Stored items from a collection:
*** Begin section ***
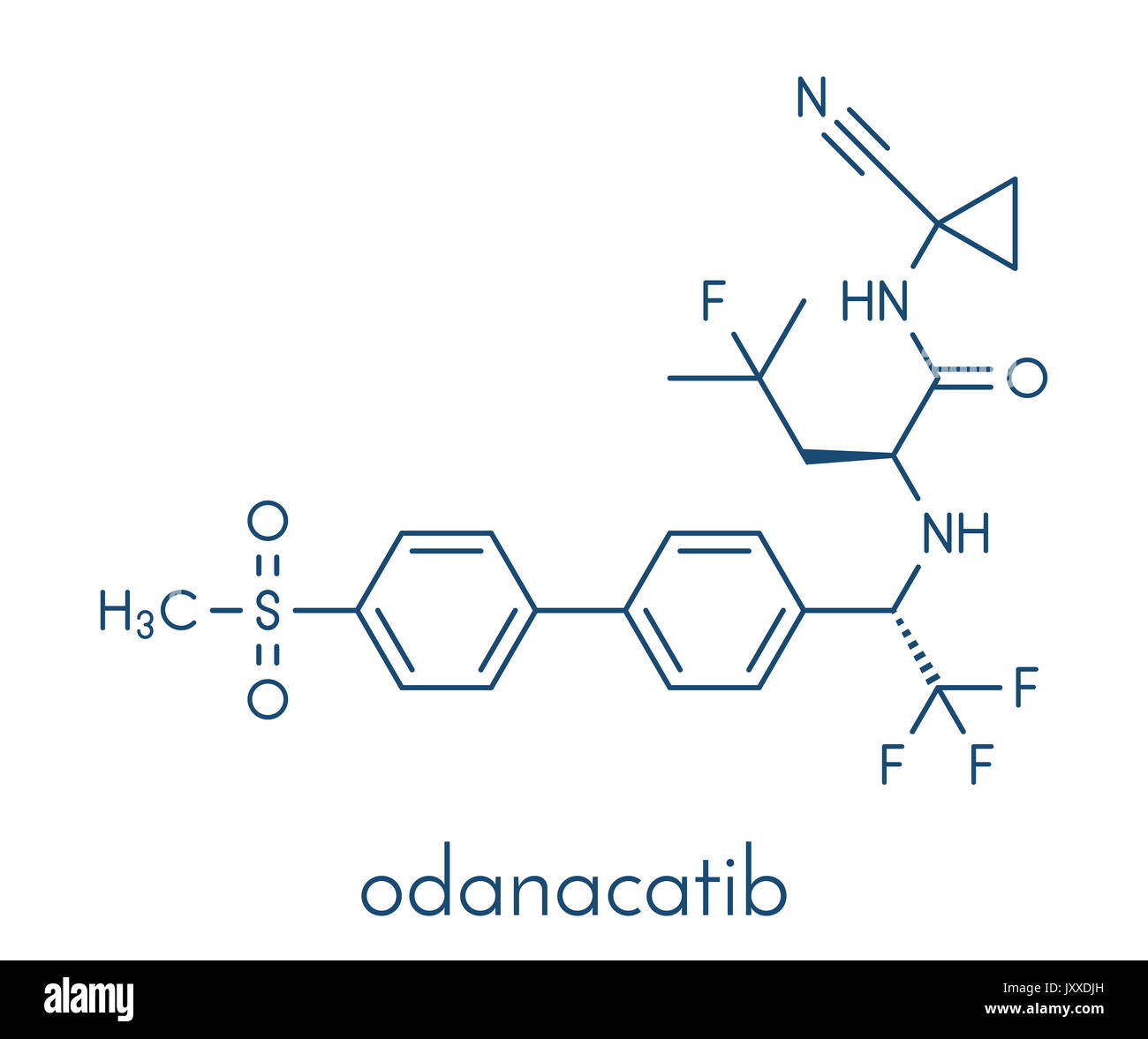 Odanacatib osteoporosi e metastasi ossee molecola di farmaco. Inibitore della catepsina K. formula scheletrico. Foto Stock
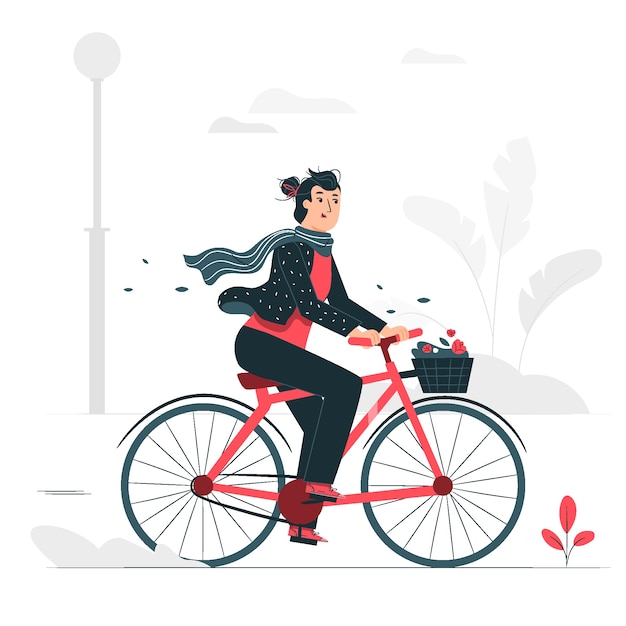 Ride a bicycle concept illustration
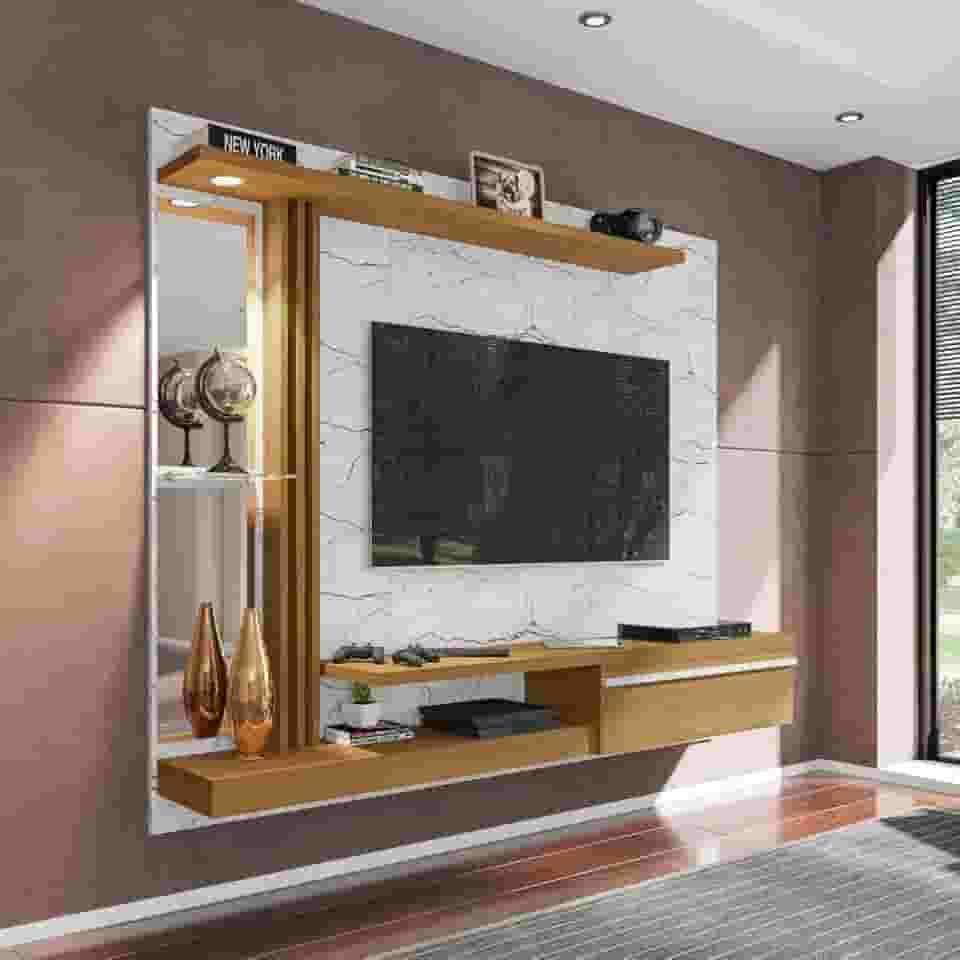 Painel para Tvs 55 Polegadas Led Prateleira de Vidro Denver Bechara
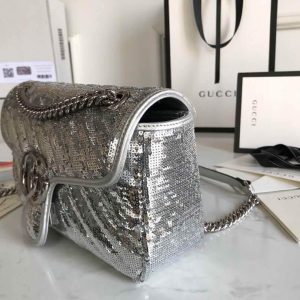 Gucci 443497 GG Marmont Small Shoulder Sequin Bag Silver - luxibagsmall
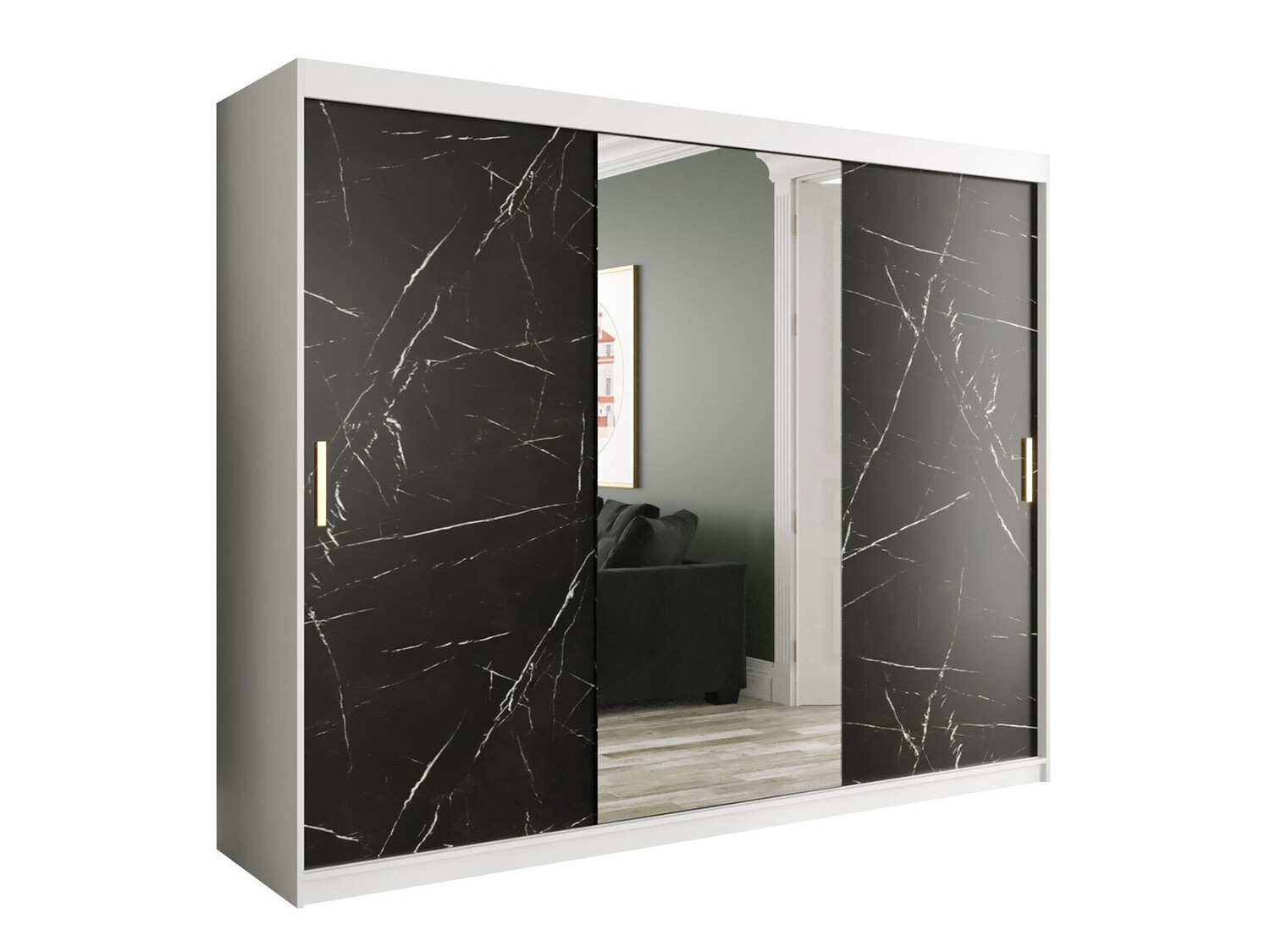 Kledingkast Hartford 257 (Mat wit + Zwart marmer)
*** End section ***
TASK INSTRUCTIONS >>
All records above are to be printed exactly, minus the pictures they contain.

RESULT FOR THIS EXERCISE >>
 Odanacatib osteoporosi e metastasi ossee molecola di farmaco. Inibitore della catepsina K. formula scheletrico. Foto Stock
 Ride a bicycle concept illustration
 Painel para Tvs 55 Polegadas Led Prateleira de Vidro Denver Bechara
 Gucci 443497 GG Marmont Small Shoulder Sequin Bag Silver - luxibagsmall
 Kledingkast Hartford 257 (Mat wit + Zwart marmer)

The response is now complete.